According to Ajith, the LIGO instruments were able to tune in to the last six orbits of the blackholes before they merged, as well as ‘listen’ to the ringdown phase. This is when the coalesced blackhole settles down into a stable shape. The signal-to-noise ratio was comparable to the second event’s.

However, the second event was also “deeply buried in the noise”, as Karan Jani, a LIGO analyst, had told The Wire at the time, and required a special technique called matched-filtering to fish it out. Given that the signal-to-noise ratio was comparable, was the same technique enlisted this time as well?

No, because the mass made a difference. “This event was much more massive than the second event – it is comparable to the first event, but slightly less massive. For massive blackholes, the observed signals are short and look like a short burst,” Ajith said. “As a result, they can be detected without using matched-filtering. One can look for some short-lived excess power in the data.”

The Indian effort

Because of the tremendous energies at play when blackholes collide, these events are natural laboratories in which physicists can test parts of their theories for which no earthly workshop will ever do.

For example, one such theory is Albert Einstein’s general relativity, which first predicted the existence of gravitational waves in 1916. Apart from their other responsibilities, the Indian contingent of the LIGO collaboration used the blackhole merger to verify if the speed of the waves through space depended on their wavelength, a property called dispersion. They did not – proving Einstein right. According to Bala Iyer, the principal investigator of the Indian team in LIGO, this paves the way for the use of “a new class of astrophysical sources to test Einstein’s theory … in extreme conditions.”

For another, scientists were also curious about whether the release of gravitational waves would be accompanied by flashes of light. “According to our current understanding of astrophysics, these binary blackholes will not produce” them, Ajith said. “However, as astronomers, we have to keep an open eye – our current understanding could be wrong!” Subsequently, India’s first and only space telescope was among the many telescopes around the world involved in the effort.

ASTROSAT has a suite of six instruments studying high-energy events in the universe. Among them, the Cadmium-Zinc-Telluride Imager instrument is adept at X-ray and gamma radiation studies and is among the best of its kind. The scientists following up after LIGO’s tip used it to conduct an extensive search for fleeting X-ray flashes in the sky coinciding with the time and location of the merger. Nothing turned up. Then, its operators teamed up with the international GROWTH collaboration of 18 observatories to rule out the merger’s association with another event.

The takeaway was that the current understanding of astronomers was right after all – so far.

But that would not be the end of the story: there is still the matter of answers we don’t have yet, and despite being three detections down, gravitational-wave astronomy has only just begun. For example, as Scott had alluded to earlier, scientists are not sure how binary blackholes form in the first place.
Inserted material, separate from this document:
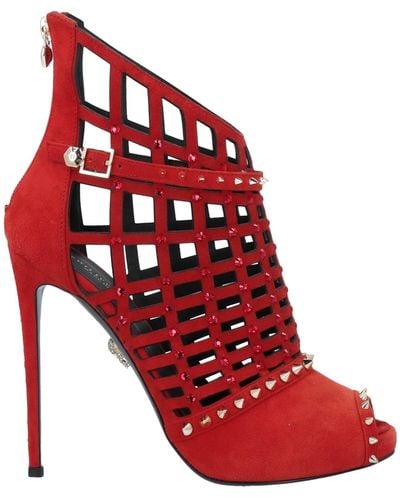 Philipp Plein Ankle Boots - Red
And we probably won’t know better until more LIGO observations –  joined by the Indian LIGO in 2024 and assisted by ground- and space-based telescopes – reveal a wider assortment of possibilities.

“We are also anticipating other kinds of sources – such as mergers involving neutron stars, which are amazingly rich and complex,” Ajith elaborated. “Astronomers around the world are preparing to observe electromagnetic flashes from such events.”

“I think the big discoveries are yet to come. Who knows, something completely unexpected might show up in the skies!”